All of high school, my birthday's were fairly uneventful. I never had too many friends to celebrate with, and I couldn't seem to get the timing of my weird winter birthday to match up with anything fun. Stolen bowling alley shoes, one cupcake with a candle in it, and an ice cream sandwich with the word 'bet' spelled in letter candles (before 'bet' was even a thing) were the ways my birthdays have shaped out in recent years. Of course, my parents always gave me the world on my birthday, year after year, and I couldn't be more appreciative. Being the Aquarius I am, selfishly, I expected more out of my friends — attention for my birthday I never quite got.
I thought everything in college was just supposed to be better. Halloween, New Years, and my birthday — things that had always been pretty awful for me were now suddenly and magically going to be better! Truth be told, I did have some plans for today, or I at least could have made some. Too bad a polar vortex and a high-grade fever (and possibly strep?) Had to get in the way.
This post isn't really about my birthday, rather to show what happens when you expect things. Year after year, up until now, I was always craving a little extra love on my birthday that I never really got. This year, more people than ever have been messaging me all day — I have almost 50 unread messages (which never happens!), several missed calls, and people who have been running up to me all day wanting to give me a hug (in which I responded by pointing to my throat and waving my hands frantically at them to signal that I am very sick and they should not come close).

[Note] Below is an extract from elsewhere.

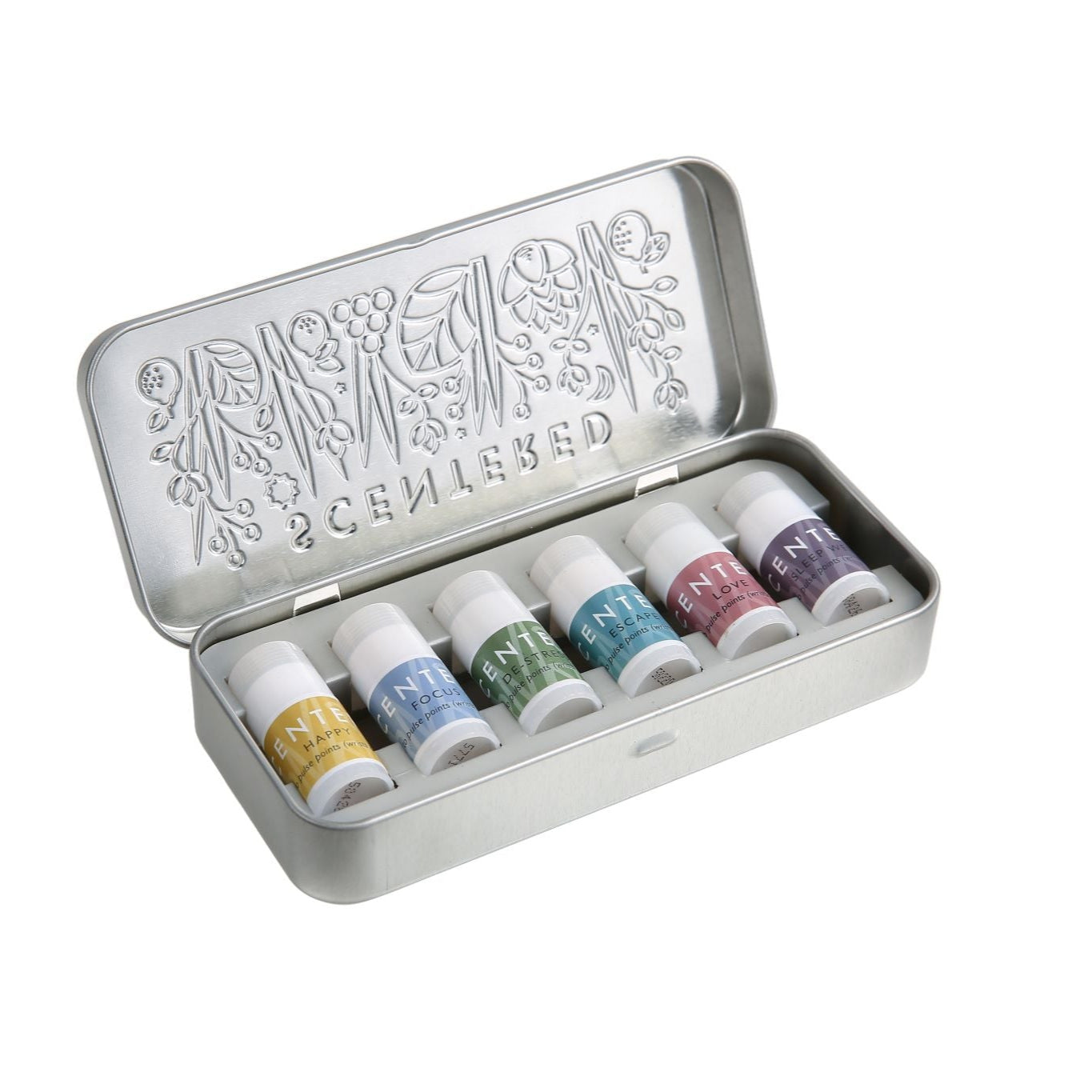 Scentered Aromatherapy Discovery Starter Tin open showing the 6 Scentered aromatherapy mini  balms inside.  These are Happy, Focus, De-stress, Escape, Love  and Sleep Well Aromatherapy Mini balm pulse point sticks 1.5g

My fever broke late this afternoon, and the meds I'm on are starting to kick in. All in all, this was no way to start a new year of life, but in a way, maybe it was. Maybe laying bed all day, staring at the ceiling, with my phone pinging with endless love and support is a good way to start. A simple way to start. Maybe birthdays, and New Years, and all of the other holidays that are filled with empty expectations and illusions should really be stripped down and simplified. Maybe we don't need fancy plans and celebrations to make us feel good. Maybe we just need to take a breather, and hear from the people we love, to make us feel whole.